--- DATA SUPPLIED Enclosed Below ---
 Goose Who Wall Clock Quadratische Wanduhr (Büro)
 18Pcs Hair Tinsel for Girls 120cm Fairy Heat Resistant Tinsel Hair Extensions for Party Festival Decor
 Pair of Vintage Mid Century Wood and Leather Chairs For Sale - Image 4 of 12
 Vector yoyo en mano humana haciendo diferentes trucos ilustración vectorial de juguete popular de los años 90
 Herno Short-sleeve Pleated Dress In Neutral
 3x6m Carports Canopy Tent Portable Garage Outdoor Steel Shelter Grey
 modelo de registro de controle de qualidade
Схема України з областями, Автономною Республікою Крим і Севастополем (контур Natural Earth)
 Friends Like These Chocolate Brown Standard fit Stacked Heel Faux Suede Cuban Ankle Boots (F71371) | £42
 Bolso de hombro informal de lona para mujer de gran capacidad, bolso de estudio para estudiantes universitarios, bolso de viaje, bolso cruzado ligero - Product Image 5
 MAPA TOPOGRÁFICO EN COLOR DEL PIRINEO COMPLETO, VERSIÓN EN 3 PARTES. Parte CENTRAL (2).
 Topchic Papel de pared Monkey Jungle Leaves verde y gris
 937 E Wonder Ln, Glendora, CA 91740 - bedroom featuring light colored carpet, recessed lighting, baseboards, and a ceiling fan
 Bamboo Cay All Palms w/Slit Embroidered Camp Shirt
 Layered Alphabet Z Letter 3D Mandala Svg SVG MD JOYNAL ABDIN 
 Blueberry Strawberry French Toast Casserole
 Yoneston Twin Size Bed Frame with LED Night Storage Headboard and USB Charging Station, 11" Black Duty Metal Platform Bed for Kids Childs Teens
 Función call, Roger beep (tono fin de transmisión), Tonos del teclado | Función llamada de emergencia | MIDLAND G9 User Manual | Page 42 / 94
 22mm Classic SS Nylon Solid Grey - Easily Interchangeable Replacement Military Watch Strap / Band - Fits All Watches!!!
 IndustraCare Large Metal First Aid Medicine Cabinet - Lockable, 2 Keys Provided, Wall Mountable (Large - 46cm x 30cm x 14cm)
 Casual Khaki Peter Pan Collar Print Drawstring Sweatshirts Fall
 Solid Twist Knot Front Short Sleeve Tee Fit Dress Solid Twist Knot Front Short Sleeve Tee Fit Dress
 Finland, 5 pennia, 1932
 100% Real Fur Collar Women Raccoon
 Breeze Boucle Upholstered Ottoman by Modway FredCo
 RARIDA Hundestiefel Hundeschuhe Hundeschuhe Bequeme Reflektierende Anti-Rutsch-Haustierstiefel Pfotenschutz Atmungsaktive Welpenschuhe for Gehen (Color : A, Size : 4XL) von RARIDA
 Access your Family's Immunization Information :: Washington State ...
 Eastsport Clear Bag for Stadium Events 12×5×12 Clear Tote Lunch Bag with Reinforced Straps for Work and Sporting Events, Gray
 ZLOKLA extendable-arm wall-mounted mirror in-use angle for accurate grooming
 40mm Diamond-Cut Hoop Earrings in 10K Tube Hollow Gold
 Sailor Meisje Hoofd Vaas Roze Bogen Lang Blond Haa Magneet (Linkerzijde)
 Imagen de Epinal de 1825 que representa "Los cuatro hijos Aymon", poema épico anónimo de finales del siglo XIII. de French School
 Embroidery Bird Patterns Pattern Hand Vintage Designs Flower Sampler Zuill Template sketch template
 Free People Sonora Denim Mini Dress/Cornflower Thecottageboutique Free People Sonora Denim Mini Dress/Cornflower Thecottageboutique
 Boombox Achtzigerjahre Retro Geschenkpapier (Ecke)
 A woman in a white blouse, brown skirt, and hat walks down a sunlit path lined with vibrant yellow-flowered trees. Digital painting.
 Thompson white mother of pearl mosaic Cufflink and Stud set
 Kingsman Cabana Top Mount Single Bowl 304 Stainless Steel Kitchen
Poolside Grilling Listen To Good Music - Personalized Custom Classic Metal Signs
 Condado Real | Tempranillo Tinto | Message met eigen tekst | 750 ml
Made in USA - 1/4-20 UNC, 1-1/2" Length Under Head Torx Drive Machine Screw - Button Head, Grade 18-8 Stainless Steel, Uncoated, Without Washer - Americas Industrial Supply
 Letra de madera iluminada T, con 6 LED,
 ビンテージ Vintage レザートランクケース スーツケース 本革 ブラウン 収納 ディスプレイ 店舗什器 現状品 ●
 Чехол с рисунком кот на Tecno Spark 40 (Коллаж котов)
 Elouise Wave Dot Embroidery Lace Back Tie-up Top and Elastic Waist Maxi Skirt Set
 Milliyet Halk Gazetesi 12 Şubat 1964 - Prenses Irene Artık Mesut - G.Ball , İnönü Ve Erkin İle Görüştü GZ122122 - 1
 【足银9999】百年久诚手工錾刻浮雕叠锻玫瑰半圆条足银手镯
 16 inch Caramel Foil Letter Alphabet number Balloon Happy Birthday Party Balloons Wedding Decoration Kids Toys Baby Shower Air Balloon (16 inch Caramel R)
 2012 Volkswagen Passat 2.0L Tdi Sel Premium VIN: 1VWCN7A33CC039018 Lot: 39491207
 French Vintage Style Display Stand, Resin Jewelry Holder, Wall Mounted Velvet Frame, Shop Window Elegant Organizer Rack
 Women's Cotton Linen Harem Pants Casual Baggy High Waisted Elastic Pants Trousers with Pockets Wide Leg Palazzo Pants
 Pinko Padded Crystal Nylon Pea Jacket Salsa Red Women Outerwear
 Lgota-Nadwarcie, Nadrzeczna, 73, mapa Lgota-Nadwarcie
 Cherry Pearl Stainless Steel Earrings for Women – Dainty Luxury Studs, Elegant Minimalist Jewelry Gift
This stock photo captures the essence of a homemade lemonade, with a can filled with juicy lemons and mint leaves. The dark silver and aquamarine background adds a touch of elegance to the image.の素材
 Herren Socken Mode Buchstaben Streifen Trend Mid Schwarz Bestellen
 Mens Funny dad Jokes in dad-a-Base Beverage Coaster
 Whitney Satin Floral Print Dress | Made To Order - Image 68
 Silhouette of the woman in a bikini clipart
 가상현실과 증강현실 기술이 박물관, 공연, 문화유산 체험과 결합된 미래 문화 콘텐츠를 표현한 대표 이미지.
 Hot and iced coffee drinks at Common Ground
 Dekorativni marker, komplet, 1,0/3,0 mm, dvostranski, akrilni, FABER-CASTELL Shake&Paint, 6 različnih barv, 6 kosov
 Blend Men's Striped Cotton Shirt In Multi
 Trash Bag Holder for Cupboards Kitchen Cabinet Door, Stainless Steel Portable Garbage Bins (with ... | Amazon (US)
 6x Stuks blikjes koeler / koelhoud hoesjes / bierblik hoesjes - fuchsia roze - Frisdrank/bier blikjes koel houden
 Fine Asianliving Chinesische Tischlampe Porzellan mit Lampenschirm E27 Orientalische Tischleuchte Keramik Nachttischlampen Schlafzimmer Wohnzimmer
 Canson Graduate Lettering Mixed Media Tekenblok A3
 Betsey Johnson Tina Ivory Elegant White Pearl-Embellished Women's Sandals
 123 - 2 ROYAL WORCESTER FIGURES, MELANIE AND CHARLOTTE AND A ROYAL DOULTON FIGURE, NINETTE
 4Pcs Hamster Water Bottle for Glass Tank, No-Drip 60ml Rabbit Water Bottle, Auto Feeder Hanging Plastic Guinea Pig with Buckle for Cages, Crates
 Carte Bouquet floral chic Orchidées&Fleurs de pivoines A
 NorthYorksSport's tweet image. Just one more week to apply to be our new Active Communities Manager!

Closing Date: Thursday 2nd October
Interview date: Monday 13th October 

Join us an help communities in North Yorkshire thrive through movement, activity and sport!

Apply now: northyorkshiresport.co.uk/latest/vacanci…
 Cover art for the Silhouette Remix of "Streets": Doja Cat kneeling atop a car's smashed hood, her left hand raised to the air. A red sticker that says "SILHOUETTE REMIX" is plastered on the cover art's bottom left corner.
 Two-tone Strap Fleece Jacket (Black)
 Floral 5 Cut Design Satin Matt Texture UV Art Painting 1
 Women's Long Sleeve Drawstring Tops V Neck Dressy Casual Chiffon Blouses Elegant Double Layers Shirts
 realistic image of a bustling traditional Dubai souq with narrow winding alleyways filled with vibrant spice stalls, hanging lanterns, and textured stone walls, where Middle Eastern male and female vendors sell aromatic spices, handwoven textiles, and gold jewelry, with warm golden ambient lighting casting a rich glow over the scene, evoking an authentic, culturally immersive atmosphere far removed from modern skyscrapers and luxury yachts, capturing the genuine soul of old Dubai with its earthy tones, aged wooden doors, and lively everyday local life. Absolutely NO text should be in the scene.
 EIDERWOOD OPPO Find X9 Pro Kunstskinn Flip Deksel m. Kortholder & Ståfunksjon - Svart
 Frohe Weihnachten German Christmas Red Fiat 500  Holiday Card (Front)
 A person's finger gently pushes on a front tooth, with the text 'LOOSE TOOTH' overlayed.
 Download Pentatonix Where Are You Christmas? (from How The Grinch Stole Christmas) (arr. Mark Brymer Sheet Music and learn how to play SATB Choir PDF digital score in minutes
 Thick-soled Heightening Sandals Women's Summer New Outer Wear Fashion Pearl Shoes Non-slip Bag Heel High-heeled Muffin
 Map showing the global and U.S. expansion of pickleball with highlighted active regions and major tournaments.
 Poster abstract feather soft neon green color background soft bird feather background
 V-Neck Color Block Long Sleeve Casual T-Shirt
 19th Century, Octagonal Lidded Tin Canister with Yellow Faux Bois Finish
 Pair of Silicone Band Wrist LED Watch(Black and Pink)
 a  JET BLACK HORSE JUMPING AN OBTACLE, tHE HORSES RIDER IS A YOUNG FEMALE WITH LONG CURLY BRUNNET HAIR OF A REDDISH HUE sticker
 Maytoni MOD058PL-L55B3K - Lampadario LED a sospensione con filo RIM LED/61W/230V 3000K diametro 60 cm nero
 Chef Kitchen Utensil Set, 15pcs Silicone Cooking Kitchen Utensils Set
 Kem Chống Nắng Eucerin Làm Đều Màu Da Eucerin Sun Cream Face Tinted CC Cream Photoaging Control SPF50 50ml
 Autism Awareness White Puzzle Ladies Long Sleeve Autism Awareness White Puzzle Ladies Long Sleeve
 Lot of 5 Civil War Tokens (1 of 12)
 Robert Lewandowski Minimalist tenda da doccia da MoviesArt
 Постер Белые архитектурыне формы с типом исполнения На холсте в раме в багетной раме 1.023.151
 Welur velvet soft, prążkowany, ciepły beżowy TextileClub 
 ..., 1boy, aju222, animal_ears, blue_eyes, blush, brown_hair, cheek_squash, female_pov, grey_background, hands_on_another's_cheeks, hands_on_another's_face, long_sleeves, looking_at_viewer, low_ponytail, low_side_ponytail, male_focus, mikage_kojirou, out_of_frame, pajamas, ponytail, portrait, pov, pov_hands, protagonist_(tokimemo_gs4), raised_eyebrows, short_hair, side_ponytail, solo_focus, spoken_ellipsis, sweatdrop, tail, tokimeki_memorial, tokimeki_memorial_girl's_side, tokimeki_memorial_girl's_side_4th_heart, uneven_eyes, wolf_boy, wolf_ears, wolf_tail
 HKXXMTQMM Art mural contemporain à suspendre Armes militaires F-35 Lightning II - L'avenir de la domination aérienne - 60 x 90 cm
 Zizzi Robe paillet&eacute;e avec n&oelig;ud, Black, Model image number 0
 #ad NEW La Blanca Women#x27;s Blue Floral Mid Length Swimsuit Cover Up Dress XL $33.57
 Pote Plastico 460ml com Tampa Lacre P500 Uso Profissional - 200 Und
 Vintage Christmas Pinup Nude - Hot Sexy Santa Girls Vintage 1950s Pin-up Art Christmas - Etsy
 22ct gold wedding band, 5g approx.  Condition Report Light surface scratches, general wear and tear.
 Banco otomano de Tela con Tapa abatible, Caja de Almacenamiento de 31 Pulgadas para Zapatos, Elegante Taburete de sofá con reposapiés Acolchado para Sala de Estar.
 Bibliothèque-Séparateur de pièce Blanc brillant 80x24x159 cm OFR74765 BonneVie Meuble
--- End of Enclosed DATA SUPPLIED ---
**ASSIGNMENT**: Every line above from the line with "Frohe Weihnachten German" to the line with "Download Pentatonix Where" is wanted, ends included; write them out exactly and add no other line.

**EXERCISE RESPONSE**:
 Frohe Weihnachten German Christmas Red Fiat 500  Holiday Card (Front)
 A person's finger gently pushes on a front tooth, with the text 'LOOSE TOOTH' overlayed.
 Download Pentatonix Where Are You Christmas? (from How The Grinch Stole Christmas) (arr. Mark Brymer Sheet Music and learn how to play SATB Choir PDF digital score in minutes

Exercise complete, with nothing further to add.